We can see on the screen on the back,
both the bright bands and the dark bands.
And it is very important to conceptionally understand
that the bright ones correspond with constructive interference
and the dark ones with destructive interference.
So as we know, constructive causes the bright bands,
destructive causes the dark bands.
So now that we know
that light certainly has at least one wave phenomenon to it.
We can ask and discover some things
about some other properties that we've seen many times in nature.
So for example,
if light is going down and interferes with or impact on some medium,
maybe it goes from air to some soapy layer that's on top of a layer of water.
What will happen is some of that light,
as we'll see when we get to optics very soon,
we'll go into the medium at a slightly bent angle
and then come back out of the medium.
Whereas some of the other light will instead just reflect immediately
rather than going in and then back out.
What happens in this case is that we say these two rays of light.
One that went into the medium and one that just bounced off the medium
will have a different phase. We say that the phase is altered.
Remember our definition for the phase,
the phase is how much the light is shifted
or where it is in its path as the wave goes up and down.
So for example now, the wave that bounced off the surface might be at a peak
while the wave that entered into the medium and came back out
might have evolved in such a way that it is now at a trough
or it could have been the exact opposite where the bouncing wave was at peak
and the one that went in and back out was also at a peak.
And so we could have either of these two different types of phenomena.
When this happens, these waves interfere with each other.
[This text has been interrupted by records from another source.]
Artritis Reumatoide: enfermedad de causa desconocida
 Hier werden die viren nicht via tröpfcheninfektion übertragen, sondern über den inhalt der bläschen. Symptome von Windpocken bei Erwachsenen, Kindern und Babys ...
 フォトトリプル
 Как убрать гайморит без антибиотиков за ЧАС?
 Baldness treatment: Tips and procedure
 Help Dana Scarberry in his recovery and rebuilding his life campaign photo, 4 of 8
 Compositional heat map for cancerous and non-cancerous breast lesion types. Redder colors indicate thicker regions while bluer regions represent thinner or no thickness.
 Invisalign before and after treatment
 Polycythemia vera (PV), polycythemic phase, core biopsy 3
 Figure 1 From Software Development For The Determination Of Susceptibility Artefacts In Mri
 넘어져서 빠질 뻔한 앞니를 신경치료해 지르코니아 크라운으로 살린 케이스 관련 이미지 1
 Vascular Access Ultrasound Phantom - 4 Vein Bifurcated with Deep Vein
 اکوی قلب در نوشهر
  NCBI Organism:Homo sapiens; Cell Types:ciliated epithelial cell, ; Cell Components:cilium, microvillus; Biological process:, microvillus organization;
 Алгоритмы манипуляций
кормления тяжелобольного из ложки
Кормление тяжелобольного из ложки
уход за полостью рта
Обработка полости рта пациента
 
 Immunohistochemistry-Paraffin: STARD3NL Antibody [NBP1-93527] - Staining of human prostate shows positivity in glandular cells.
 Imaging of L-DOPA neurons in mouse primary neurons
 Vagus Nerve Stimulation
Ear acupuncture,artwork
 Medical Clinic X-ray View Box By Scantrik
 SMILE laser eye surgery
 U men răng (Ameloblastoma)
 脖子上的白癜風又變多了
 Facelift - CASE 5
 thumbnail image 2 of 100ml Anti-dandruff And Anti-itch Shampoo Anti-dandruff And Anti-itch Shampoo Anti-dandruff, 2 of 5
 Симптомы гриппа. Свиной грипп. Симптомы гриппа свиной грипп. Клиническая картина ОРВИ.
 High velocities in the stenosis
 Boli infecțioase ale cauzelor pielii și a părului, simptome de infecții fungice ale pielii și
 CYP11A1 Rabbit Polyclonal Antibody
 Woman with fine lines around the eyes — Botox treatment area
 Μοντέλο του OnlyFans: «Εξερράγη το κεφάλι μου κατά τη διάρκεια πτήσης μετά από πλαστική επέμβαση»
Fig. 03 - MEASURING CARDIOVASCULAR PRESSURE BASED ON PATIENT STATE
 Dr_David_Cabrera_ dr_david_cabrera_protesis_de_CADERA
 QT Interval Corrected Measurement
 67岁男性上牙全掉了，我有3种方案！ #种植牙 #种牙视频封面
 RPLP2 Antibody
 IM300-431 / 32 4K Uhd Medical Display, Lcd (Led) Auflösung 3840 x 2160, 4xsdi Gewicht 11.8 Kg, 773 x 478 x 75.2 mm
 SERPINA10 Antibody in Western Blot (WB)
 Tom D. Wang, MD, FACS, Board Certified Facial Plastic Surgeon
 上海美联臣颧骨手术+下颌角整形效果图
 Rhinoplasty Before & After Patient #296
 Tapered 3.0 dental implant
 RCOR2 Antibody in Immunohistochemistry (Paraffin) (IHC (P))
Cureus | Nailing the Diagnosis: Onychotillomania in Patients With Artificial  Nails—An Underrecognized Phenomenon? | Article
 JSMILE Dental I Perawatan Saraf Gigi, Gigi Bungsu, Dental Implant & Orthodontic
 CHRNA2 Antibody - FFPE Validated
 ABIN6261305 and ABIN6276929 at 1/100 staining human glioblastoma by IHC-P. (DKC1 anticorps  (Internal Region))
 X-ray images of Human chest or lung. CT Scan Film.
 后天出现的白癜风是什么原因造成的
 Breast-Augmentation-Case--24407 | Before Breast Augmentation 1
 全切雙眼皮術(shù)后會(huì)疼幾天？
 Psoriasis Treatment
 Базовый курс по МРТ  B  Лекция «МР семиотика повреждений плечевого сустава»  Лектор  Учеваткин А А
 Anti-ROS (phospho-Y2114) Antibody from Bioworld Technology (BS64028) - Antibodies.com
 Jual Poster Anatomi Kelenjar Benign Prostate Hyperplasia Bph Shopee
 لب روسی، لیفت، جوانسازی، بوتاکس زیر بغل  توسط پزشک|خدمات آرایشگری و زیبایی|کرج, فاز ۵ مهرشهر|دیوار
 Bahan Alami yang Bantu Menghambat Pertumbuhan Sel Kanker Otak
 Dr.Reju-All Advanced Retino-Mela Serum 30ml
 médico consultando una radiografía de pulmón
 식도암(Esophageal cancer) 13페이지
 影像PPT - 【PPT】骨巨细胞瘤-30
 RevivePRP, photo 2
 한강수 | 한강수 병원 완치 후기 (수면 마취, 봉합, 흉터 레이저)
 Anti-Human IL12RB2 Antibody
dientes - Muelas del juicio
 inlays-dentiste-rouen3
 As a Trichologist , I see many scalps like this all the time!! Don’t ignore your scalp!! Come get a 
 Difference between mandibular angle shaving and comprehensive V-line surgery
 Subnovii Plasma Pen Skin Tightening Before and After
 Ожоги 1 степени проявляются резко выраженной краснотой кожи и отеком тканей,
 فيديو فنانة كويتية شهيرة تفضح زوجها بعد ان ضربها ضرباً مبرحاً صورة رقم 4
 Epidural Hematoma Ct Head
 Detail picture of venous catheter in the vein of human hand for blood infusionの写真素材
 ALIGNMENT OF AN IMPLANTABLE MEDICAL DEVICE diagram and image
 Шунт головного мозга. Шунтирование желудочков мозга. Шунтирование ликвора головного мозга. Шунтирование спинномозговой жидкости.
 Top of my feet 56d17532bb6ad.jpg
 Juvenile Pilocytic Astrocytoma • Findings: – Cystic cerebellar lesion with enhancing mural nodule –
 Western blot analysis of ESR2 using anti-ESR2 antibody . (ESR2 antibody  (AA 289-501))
Sometimes creating peaks and sometimes troughs
depending on where the different phases were that we just discussed.
And we see this sort of diffraction or bending phenomena
as light goes into and out of these thin surfaces.
And so we call this the thin film effect
because as we just saw in our example
it happens when you have a thin film of something.
Maybe a thin film of oil over water or a thin film of soap over water.
And we see this sort of shiny bands that you can see here
coming from bubbles or soap or like we said oil.